### [EXTRACTED DATA]

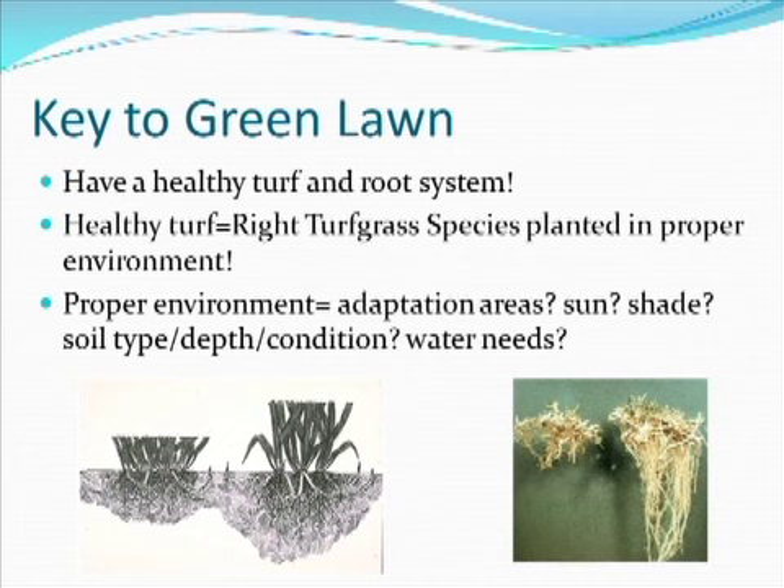So we're going to talk about the keys to a green lawn. There are some keys that don't require all of those other things — it's just about learning how the plant works and making sure everything is right for it. The biggest key to a green lawn is to have a healthy root system and a healthy turf. In order to do that, you need to make sure things are prepared and that you're using the right plant.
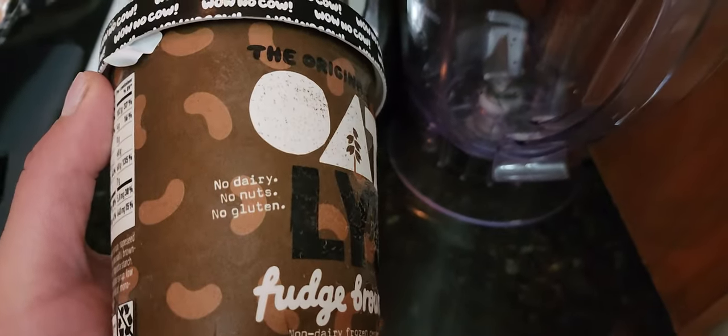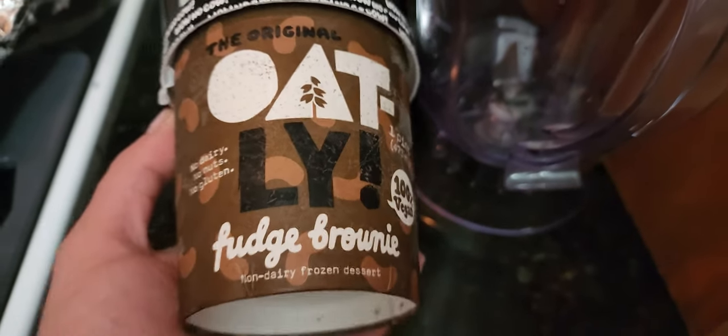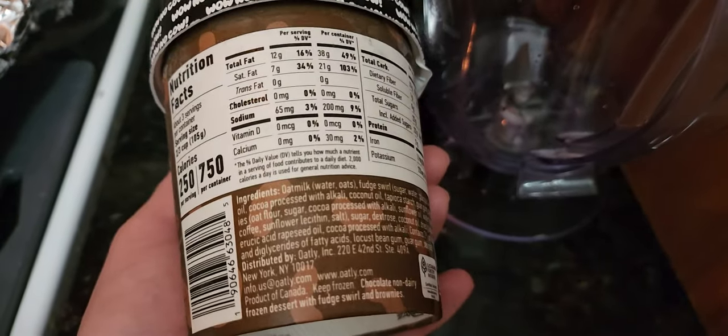My son is allergic to nuts and dairy, so this is a fresh brownie and it doesn't have any milk in it — it's oat milk. And it's vegan and it's peanut free.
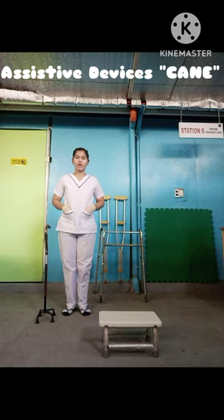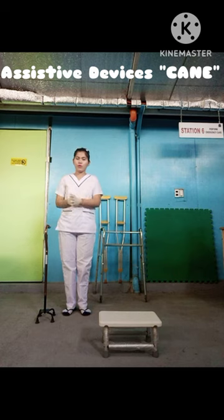Hi, Assessor. My name is Ruth Kim. Today I will demonstrate how to use the cane. But before that, I'm going to wash my hands, sanitize, then put the gloves on.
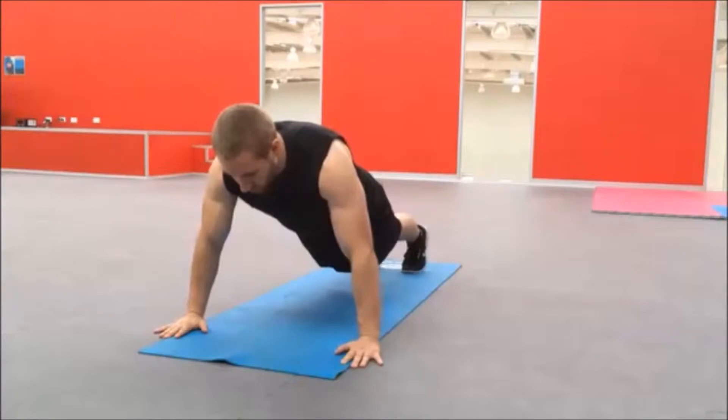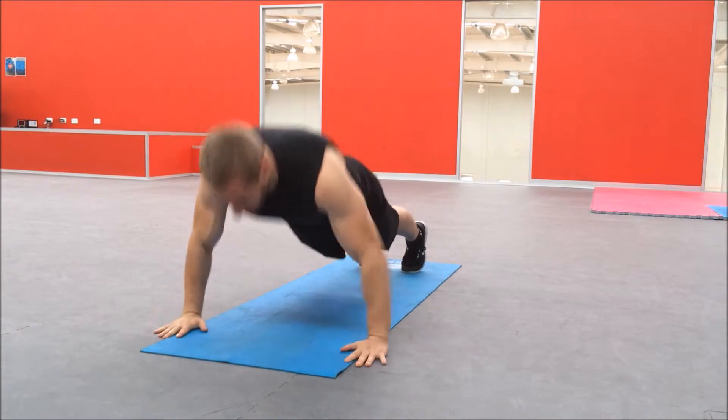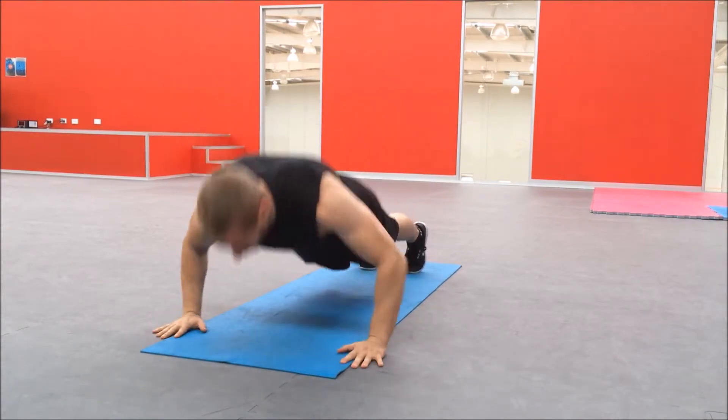Assume the push-up position on your hands and toes, arms at shoulder level slightly wider than shoulder width apart. Switch the core on and lower yourself down, inhaling as you do so.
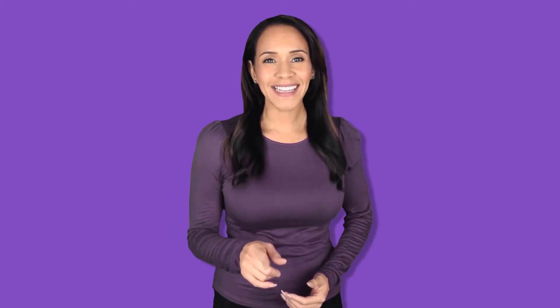Thank you for watching. Please subscribe and hit the bell notification.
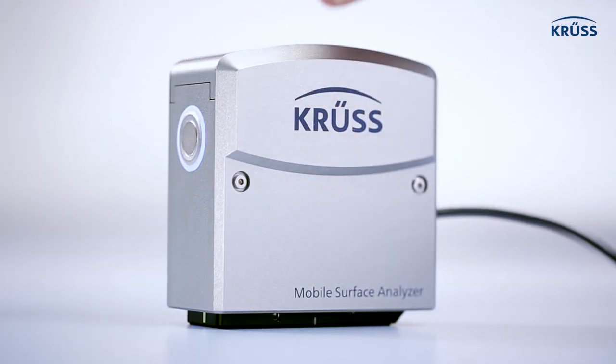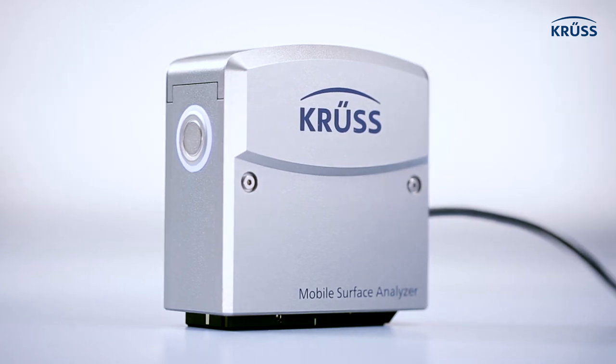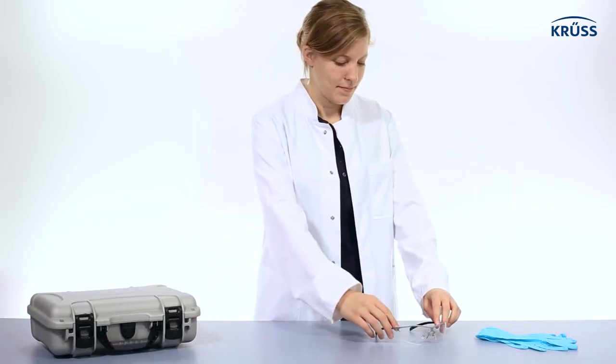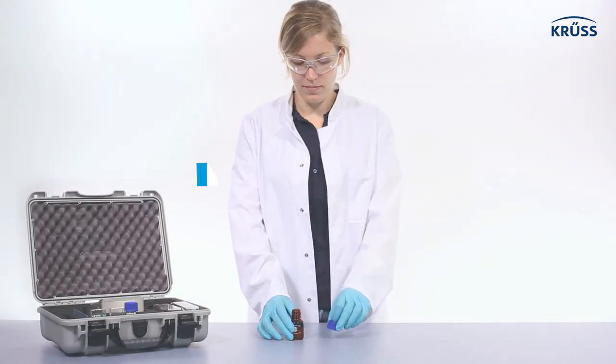You can refill the cartridges of your Mobile Surface Analyzer, MSA, with test liquids in five easy steps. Before you work with diiodomethane, put on safety glasses and gloves, and work in a well-ventilated area.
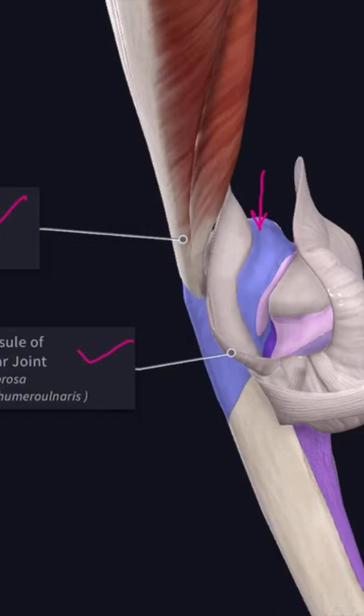The posterior end of the upper surface forms the point of the elbow, which lies in a horizontal line joining the medial and the lateral epicondyle of the humerus in an extended elbow. But during flexion, the line joining these three bony points forms an isosceles triangle.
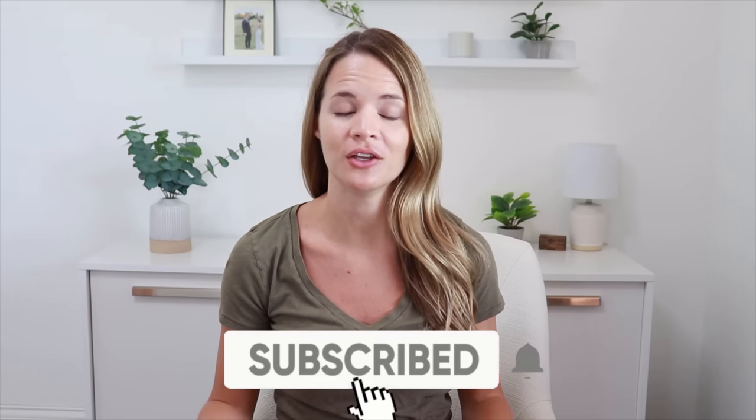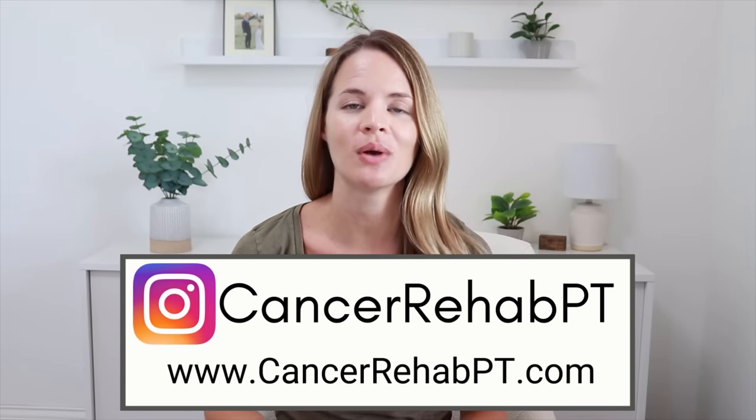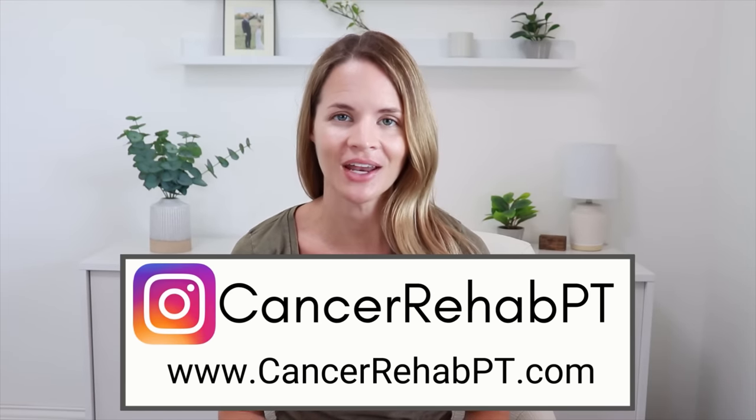My name is Kelly. I'm a physical therapist as well as a certified lymphedema therapist, so I specialize in the lymphatic system. And today in this video, I'm going to show how to do a three to five minute morning routine to help stimulate the lymphatic system with lymphatic drainage. Make sure that you subscribe down below for weekly new videos, and you can also follow along on Instagram and check out our website for more resources on lymphatic health.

### [EXERCISE PROMPT]
All of the lines above should be retyped precisely, apart from the pictures.

### [RESPONSE TO THE EXERCISE]
So we're going to talk about the keys to a green lawn. There are some keys that don't require all of those other things — it's just about learning how the plant works and making sure everything is right for it. The biggest key to a green lawn is to have a healthy root system and a healthy turf. In order to do that, you need to make sure things are prepared and that you're using the right plant.
My son is allergic to nuts and dairy, so this is a fresh brownie and it doesn't have any milk in it — it's oat milk. And it's vegan and it's peanut free.
Hi, Assessor. My name is Ruth Kim. Today I will demonstrate how to use the cane. But before that, I'm going to wash my hands, sanitize, then put the gloves on.
Assume the push-up position on your hands and toes, arms at shoulder level slightly wider than shoulder width apart. Switch the core on and lower yourself down, inhaling as you do so.
Thank you for watching. Please subscribe and hit the bell notification.
You can refill the cartridges of your Mobile Surface Analyzer, MSA, with test liquids in five easy steps. Before you work with diiodomethane, put on safety glasses and gloves, and work in a well-ventilated area.
The posterior end of the upper surface forms the point of the elbow, which lies in a horizontal line joining the medial and the lateral epicondyle of the humerus in an extended elbow. But during flexion, the line joining these three bony points forms an isosceles triangle.
My name is Kelly. I'm a physical therapist as well as a certified lymphedema therapist, so I specialize in the lymphatic system. And today in this video, I'm going to show how to do a three to five minute morning routine to help stimulate the lymphatic system with lymphatic drainage. Make sure that you subscribe down below for weekly new videos, and you can also follow along on Instagram and check out our website for more resources on lymphatic health.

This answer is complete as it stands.